A French doctor established International SOS between Jakarta and Singapore 27 years ago. The company conducted emergency airlifts for patients to Singapore due to the lack of quality health services available in Indonesia at the time.

The French-owned company now has a presence in 74 countries and employs 10,000 people, 3,000 of which are medical professionals. SOS has been in Cambodia for 14 years. Regional Managing Director for South and Southeast Asia Philippe Huinck spoke with The Phnom Penh Post about the international health business and Cambodian hospitals.

What are the main areas of interest for your company?

Our end user is the business traveller and the expatriate. We have very simple requests, like: “I broke my glasses, where can I find an optometrist?”

But we also handle very serious cases: an obese man in his 60s is having chest pains. Sounds like a heart attack. We handle over 4.5 million cases a year. Out of the 4.5 million cases, 19,000 result in a medical evacuation. It’s very small percentage-wise. We are in the business of prevention.

This is the key business that we do. Grown out of this, we also provide medical services. This basically consists providing medical staff to remote sites. A remote site could be an oil rig or a mining site.
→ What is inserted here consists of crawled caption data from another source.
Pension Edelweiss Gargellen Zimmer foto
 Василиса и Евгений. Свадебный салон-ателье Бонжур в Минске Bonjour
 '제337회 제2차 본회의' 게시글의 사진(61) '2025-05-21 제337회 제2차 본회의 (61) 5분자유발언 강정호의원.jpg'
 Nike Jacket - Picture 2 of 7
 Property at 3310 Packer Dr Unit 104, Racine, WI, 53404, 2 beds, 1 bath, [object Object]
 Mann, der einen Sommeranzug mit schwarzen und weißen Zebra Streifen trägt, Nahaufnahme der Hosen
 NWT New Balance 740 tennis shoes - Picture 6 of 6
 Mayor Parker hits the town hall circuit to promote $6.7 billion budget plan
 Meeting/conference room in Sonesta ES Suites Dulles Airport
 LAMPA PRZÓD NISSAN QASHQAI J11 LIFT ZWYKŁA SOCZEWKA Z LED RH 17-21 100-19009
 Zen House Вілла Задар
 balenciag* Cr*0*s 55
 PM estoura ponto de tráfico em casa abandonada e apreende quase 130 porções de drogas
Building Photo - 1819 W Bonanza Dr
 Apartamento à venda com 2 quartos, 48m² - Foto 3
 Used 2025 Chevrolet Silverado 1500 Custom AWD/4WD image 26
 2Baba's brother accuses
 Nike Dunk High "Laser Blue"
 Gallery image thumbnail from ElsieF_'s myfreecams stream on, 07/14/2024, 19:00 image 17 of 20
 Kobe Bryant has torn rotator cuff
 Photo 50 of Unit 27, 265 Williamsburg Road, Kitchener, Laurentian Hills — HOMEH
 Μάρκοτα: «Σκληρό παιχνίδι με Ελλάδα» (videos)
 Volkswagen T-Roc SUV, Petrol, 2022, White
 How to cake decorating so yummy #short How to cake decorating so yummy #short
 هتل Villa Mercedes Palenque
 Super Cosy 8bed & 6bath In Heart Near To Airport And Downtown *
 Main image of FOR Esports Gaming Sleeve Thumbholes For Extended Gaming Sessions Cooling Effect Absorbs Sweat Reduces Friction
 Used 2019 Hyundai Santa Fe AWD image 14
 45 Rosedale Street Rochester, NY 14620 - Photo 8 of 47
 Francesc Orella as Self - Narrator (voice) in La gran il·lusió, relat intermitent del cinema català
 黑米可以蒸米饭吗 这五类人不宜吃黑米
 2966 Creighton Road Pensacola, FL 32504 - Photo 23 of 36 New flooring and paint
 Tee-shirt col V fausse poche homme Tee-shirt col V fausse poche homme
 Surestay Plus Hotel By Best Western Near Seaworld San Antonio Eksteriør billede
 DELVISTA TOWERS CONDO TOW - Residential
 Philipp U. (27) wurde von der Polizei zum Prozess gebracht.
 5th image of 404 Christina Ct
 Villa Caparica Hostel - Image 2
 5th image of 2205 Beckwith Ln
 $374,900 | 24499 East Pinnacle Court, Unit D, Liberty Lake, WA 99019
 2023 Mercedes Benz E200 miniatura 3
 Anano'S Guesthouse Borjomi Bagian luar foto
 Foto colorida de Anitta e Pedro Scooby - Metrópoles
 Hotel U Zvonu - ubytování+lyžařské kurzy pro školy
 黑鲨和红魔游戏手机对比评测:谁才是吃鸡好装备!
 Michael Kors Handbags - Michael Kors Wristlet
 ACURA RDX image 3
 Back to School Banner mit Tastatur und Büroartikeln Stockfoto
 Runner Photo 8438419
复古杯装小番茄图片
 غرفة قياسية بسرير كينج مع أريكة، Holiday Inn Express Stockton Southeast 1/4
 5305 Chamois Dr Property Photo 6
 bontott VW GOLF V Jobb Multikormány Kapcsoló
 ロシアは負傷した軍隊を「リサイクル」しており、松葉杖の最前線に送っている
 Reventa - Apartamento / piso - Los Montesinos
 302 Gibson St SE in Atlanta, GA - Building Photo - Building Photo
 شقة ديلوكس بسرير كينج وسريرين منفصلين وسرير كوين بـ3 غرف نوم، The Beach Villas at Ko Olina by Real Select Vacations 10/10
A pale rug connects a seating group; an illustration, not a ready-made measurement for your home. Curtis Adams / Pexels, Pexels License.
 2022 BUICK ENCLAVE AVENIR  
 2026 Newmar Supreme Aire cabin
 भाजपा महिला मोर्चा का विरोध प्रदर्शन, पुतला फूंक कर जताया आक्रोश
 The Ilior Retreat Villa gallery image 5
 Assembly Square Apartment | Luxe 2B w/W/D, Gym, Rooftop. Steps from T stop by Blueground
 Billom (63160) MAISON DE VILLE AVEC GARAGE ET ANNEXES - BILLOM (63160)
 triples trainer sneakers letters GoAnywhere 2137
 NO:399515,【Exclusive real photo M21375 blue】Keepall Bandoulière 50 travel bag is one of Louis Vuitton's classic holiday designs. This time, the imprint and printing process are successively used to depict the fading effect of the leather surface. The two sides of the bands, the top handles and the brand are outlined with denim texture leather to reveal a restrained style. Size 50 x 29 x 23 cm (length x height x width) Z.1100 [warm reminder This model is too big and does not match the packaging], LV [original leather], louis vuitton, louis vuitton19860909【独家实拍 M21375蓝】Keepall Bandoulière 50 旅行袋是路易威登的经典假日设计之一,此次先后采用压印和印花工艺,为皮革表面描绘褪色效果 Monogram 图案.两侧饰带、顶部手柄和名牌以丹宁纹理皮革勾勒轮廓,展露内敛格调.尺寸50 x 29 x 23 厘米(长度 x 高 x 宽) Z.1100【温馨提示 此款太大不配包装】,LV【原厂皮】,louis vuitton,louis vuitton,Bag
We also do medical consulting. We do site health reviews, which are very popular in Cambodia.

How do operations work for SOS in Cambodia?

In countries where the level of health care is not that good … there we have decided to set up our own clinic, like Cambodia. In some locations we don’t need a clinic because the local health care is really good.

At most locations we don’t have one. We have 27 clinics around the world. We have lot of them in Africa, many in Asia.

Where are clients generally airlifted in times of crisis?

Bangkok is typically the first base from Cambodia. Bangkok has developed rapidly as a centre for medical excellence. We first of all would evacuate people to Bangkok. But, let’s say the patient is from Germany, they may want to be evacuated to Germany. We can also organise that.

What do you make of health care in Cambodia?

Like in any emerging market, the development goes very fast, and typically goes in the right direction. But what we still see lacking in Cambodia is regulation. If you are a doctor and you travel to Cambodia and you wake up one day and say: “I’m going to start a clinic”, you can start a clinic. So who checks it? Who checks the credentials? The quality?

These start-ups would probably provide something better than what’s available. But what are the risks? What are the liabilities? But it can be very cheap. It’s very important that this develops. It’s important the government puts regulations in place.

What is the principle behind the “duty of care” study that SOS had commissioned?

The duty of care principle started to evolve in the US as a result of court cases. Something happens, then a employee sues his company. The company pays US$1 million. Then legislation starts to appear, or preventative measures. That raised the care level to employees and it has become standard over the past 20 to 30 years.

What did the report say about Asia?

One of the key findings when this whole study was conducted, it showed a discrepancy between the execution of duty of care in the West and that in Asia. And that was interesting for us and we started to find out why is is.

There are a few possible reasons why. In Asia, companies tend to look at the cost side. They see the execution of duty of care more as a cost. If you don’t execute on duty of care, you may save on the short term, but not necessarily in the long term.